### Exercise
Leave out the pictures and repeat the entries below verbatim.

### Data in this exercise
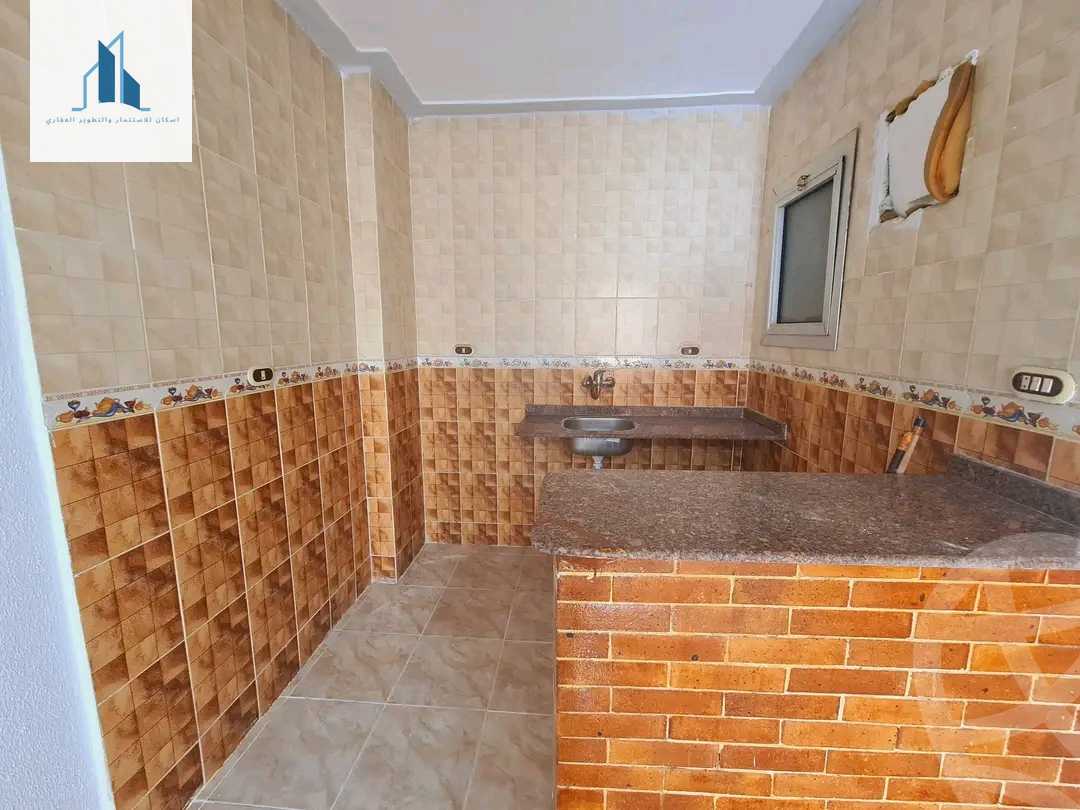 https://aqarmap.com.eg/en/listing/6225555-for-sale-alexandria-l-jmy-shataa-el-nakheel-street-10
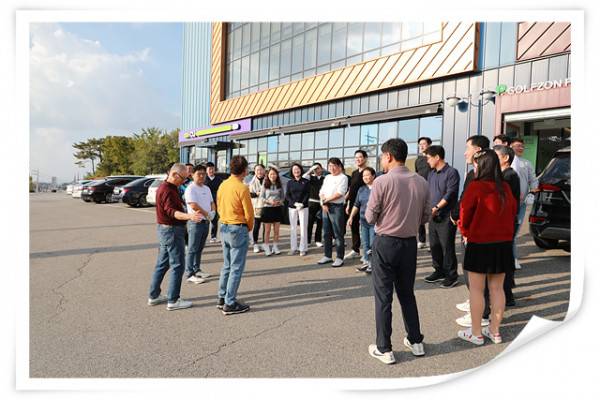 1bdf297b380fa4a710b21b208f8dadd3_1731214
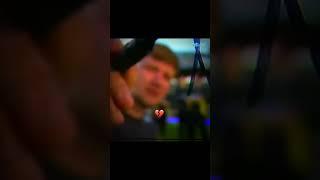Симпл джентльмен ️#теги#симпл#джентельмен#ксго#стендофф2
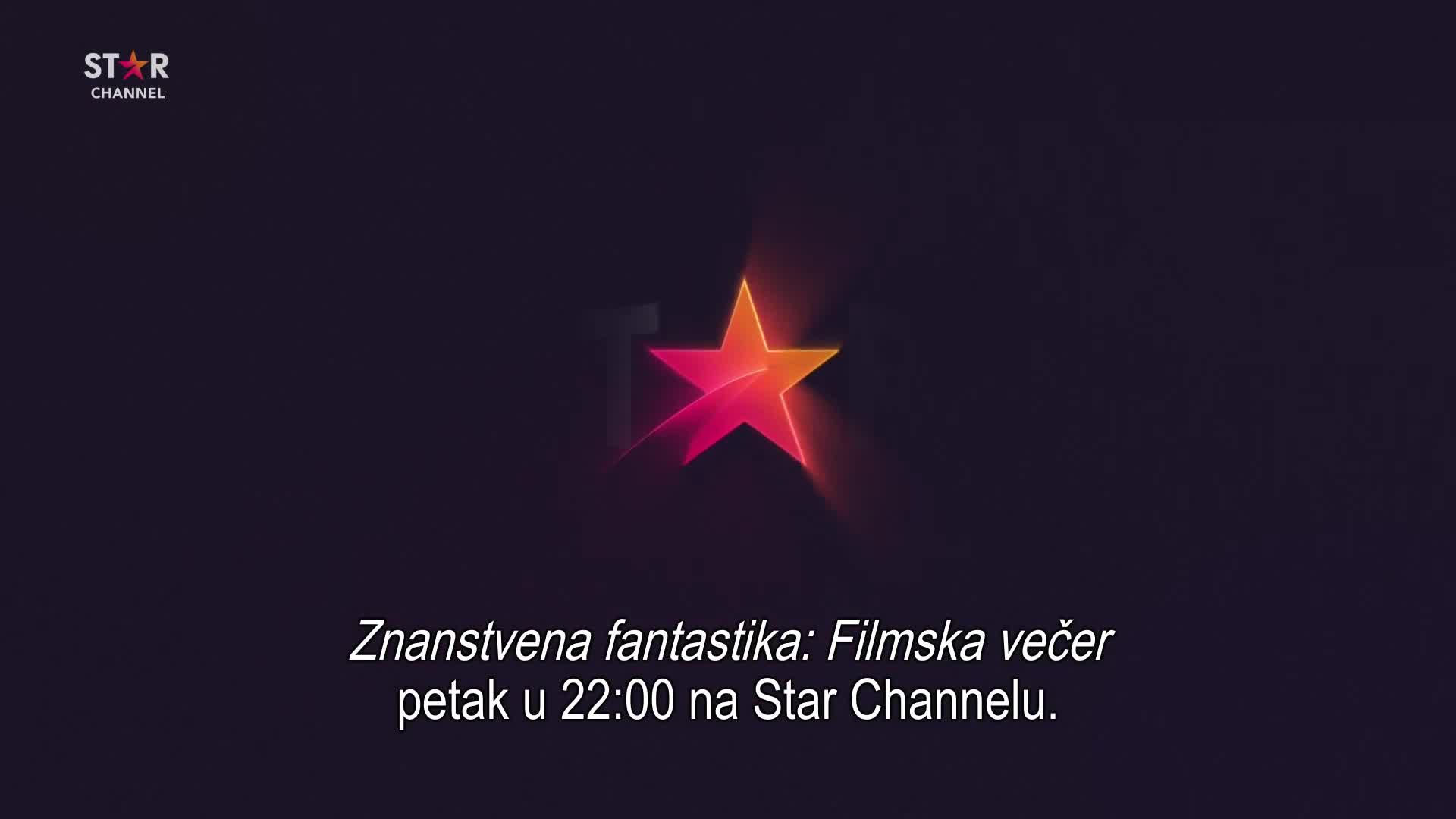 Premium16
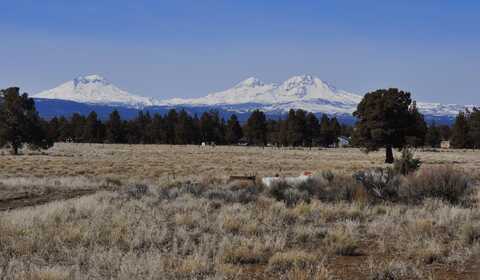 67100 Fryrear Road, Bend, OR 97703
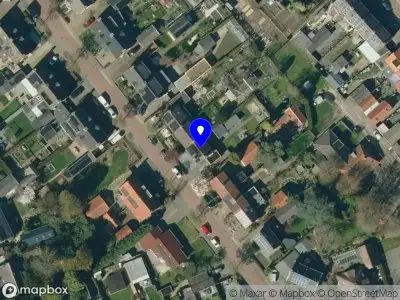 Prism Development Angeren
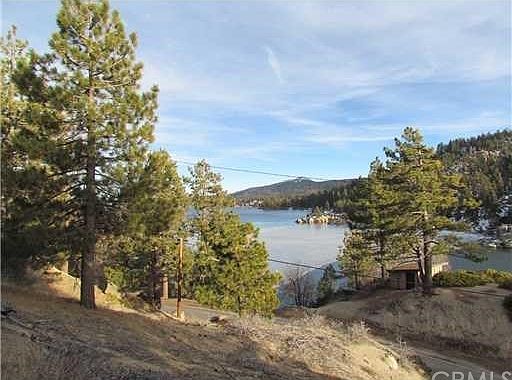 4th image of 201 Big Bear Trl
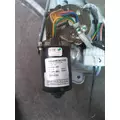 VOLVO VNR WINDSHIELD WIPER MOTOR thumbnail 2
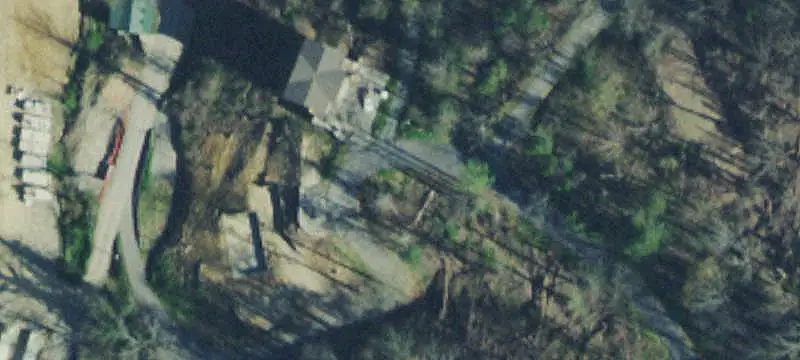 Vacant Land / Lots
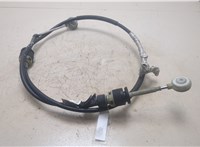 2140761, BV6R7E395CD Трос кулисы КПП Ford Focus 3 2014-2019 20138957 #4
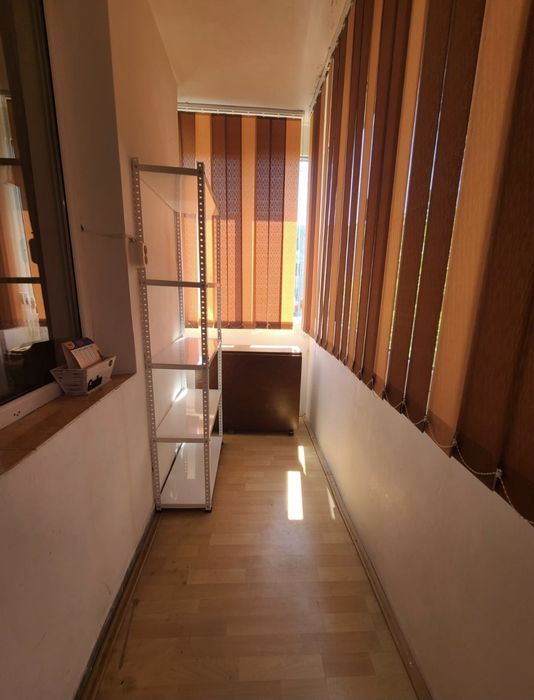 Vand apartament 2 camere, confort 1 sporit, decomandat, etaj 3( 4), Banat, zona Pandurilor, Cantemir,Tudor.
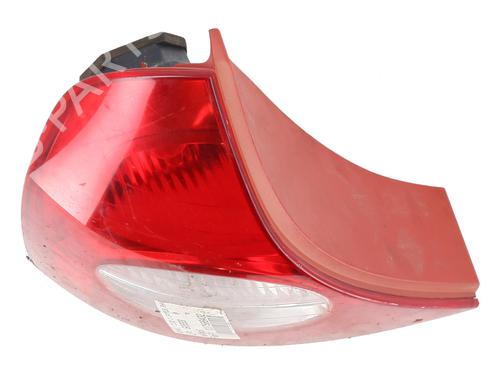 Left taillight RENAULT CLIO II (BB_, CB_) 1.2 (BB0A, BB0F, BB10, BB1K, BB28, BB2D, BB2H, CB0A,... | BP31030312C34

### Task solution
 https://aqarmap.com.eg/en/listing/6225555-for-sale-alexandria-l-jmy-shataa-el-nakheel-street-10
 1bdf297b380fa4a710b21b208f8dadd3_1731214
Симпл джентльмен ️#теги#симпл#джентельмен#ксго#стендофф2
 Premium16
 67100 Fryrear Road, Bend, OR 97703
 Prism Development Angeren
 4th image of 201 Big Bear Trl
 VOLVO VNR WINDSHIELD WIPER MOTOR thumbnail 2
 Vacant Land / Lots
 2140761, BV6R7E395CD Трос кулисы КПП Ford Focus 3 2014-2019 20138957 #4
 Vand apartament 2 camere, confort 1 sporit, decomandat, etaj 3( 4), Banat, zona Pandurilor, Cantemir,Tudor.
 Left taillight RENAULT CLIO II (BB_, CB_) 1.2 (BB0A, BB0F, BB10, BB1K, BB28, BB2D, BB2H, CB0A,... | BP31030312C34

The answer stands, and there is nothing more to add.